» Source records
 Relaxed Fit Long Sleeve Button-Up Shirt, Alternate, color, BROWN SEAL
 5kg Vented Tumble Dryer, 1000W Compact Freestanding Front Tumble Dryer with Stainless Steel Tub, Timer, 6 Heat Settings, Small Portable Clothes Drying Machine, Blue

---

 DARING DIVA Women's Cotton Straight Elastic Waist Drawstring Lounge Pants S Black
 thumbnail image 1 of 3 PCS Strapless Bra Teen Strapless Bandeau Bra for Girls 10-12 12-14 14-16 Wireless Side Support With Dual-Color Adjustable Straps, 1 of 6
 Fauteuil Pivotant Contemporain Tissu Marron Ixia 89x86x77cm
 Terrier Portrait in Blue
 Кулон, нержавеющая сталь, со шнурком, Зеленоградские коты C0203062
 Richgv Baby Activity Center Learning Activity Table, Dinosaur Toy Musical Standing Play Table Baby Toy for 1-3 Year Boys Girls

» Task goal
Among the entries, count the lines that hold "Girls". Reply with the count only.

» Solution to the problem
2